EXERCISE PROMPT:
Please set down, word for word, each line from the one containing "LifeSafer Ignition Interlock" through the final line of the records below, both included, and nothing else.

RECORDS FOR THIS TASK:
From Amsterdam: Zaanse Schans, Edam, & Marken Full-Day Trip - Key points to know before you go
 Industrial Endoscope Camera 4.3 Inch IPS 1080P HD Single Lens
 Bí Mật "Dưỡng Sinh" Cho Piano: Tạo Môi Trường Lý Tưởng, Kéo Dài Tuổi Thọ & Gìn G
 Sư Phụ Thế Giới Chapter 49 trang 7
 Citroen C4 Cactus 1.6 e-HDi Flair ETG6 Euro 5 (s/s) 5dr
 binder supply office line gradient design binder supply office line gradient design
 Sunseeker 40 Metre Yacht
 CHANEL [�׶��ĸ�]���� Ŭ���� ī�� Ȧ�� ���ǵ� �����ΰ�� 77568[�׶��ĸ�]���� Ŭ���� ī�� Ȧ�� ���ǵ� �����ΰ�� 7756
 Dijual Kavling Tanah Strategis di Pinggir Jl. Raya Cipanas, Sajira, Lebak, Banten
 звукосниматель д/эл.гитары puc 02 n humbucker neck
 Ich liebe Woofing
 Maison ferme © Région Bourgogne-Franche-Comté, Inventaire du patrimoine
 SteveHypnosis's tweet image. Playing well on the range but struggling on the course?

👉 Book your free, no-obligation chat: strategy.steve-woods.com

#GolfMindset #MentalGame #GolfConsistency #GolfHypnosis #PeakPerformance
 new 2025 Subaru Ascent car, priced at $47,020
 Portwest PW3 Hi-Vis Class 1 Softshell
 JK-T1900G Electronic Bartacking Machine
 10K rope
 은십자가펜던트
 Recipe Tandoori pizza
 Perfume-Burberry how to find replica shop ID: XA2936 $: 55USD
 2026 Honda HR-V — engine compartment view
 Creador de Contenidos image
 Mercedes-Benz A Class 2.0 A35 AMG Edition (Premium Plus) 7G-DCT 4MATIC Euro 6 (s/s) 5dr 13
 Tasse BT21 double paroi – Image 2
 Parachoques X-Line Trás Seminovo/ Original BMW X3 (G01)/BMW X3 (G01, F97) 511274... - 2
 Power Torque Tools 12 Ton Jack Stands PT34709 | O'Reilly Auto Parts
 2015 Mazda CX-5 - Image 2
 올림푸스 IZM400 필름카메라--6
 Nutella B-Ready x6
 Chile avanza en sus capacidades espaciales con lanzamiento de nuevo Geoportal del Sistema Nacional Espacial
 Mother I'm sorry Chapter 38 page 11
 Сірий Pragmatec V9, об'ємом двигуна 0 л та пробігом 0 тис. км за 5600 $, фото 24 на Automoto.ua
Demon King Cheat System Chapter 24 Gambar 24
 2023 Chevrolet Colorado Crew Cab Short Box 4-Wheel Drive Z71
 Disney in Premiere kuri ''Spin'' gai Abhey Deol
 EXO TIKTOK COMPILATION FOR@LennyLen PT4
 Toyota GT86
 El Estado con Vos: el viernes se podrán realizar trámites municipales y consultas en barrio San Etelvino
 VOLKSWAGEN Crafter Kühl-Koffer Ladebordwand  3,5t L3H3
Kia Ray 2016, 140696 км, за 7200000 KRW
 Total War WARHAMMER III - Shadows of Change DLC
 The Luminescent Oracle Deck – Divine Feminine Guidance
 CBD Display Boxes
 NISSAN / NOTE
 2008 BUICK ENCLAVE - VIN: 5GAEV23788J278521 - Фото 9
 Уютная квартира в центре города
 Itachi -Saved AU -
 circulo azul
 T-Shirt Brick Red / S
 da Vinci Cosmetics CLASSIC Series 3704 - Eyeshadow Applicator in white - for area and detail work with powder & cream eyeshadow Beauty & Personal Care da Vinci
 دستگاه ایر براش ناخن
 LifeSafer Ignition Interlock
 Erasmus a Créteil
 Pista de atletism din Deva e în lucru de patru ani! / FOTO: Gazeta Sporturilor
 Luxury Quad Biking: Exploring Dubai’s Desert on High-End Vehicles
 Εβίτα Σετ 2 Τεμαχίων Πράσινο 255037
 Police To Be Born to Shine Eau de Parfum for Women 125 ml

ANSWER SECTION:
 LifeSafer Ignition Interlock
 Erasmus a Créteil
 Pista de atletism din Deva e în lucru de patru ani! / FOTO: Gazeta Sporturilor
 Luxury Quad Biking: Exploring Dubai’s Desert on High-End Vehicles
 Εβίτα Σετ 2 Τεμαχίων Πράσινο 255037
 Police To Be Born to Shine Eau de Parfum for Women 125 ml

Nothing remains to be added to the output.